Wages in other Asian locations have not - yet - risen comparably. Average monthly factory wages in Hanoi, Vietnam, are $111; in Phnom Penh, Cambodia, are $82; and in Dhaka, Bangladesh, are $78. Hong-Kong-based bra maker Top Form International closed its Shenzhen, China, factory last year and is expanding production in Phnom Penh. The logic of capitalism has long driven employers to leave the United States, Western Europe and Japan for the lowest-wage countries elsewhere. It now also impels capitalists in China to do likewise. The total gap between manufacturing costs in the United States and China has been reduced by half, and it continues to fall. Wages rising much faster in China than in the United States, plus rising transportation and associated costs, explain this. Cheaper-wage nations are therefore drawing United States, European and Japanese - but now also Chinese - capitalists away from China. Serious difficulties may confront China in the near future. China moved hundreds of millions of people from agriculture to industry, from interior to the coast and from countryside to city during the past 25 years.
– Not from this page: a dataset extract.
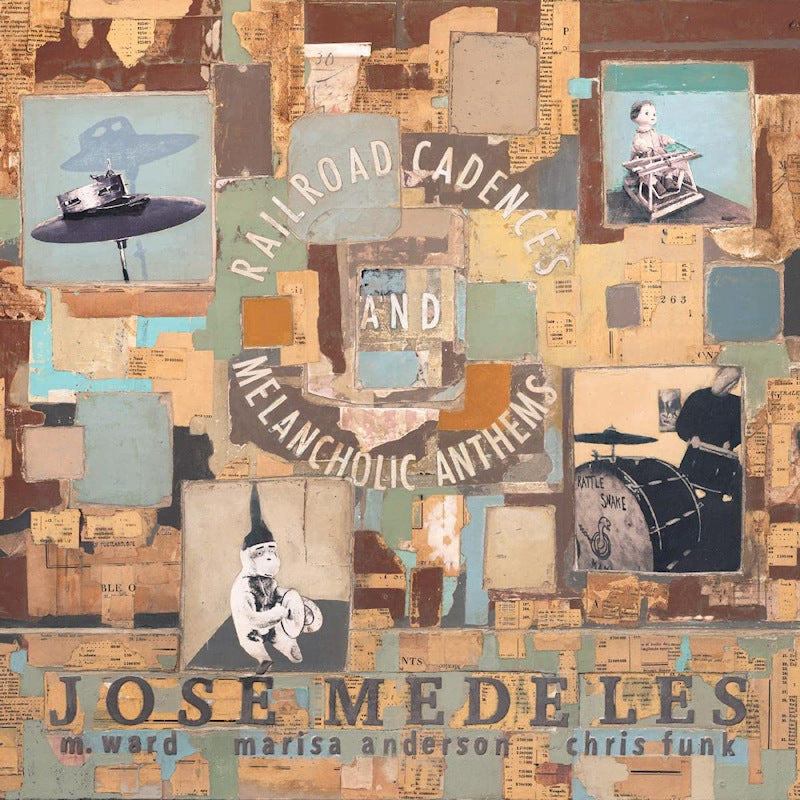 Jose Medeles - Railroad cadences & melancholic anthems (W/ M. Ward, Marisa Anderson & Chris Funk CD)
They developed new needs, desires and expectations. What enabled that was a sustained capitalist growth spurt (with immense costs for other parts of the world). Yet that growth spurt changed its own conditions and thereby undermined its future. When profits drive capitalist enterprises out of China, it will discover the other, uncounted side of "capitalist efficiency." So capitalists leave Detroit for China and then China for Bangladesh. Capitalists' relocation decisions are never about "efficiency."
Capitalism is simply fulfilling its mission - Accumulation. Profit is not used to nourish the things of this Earth but to try and reproduce itself.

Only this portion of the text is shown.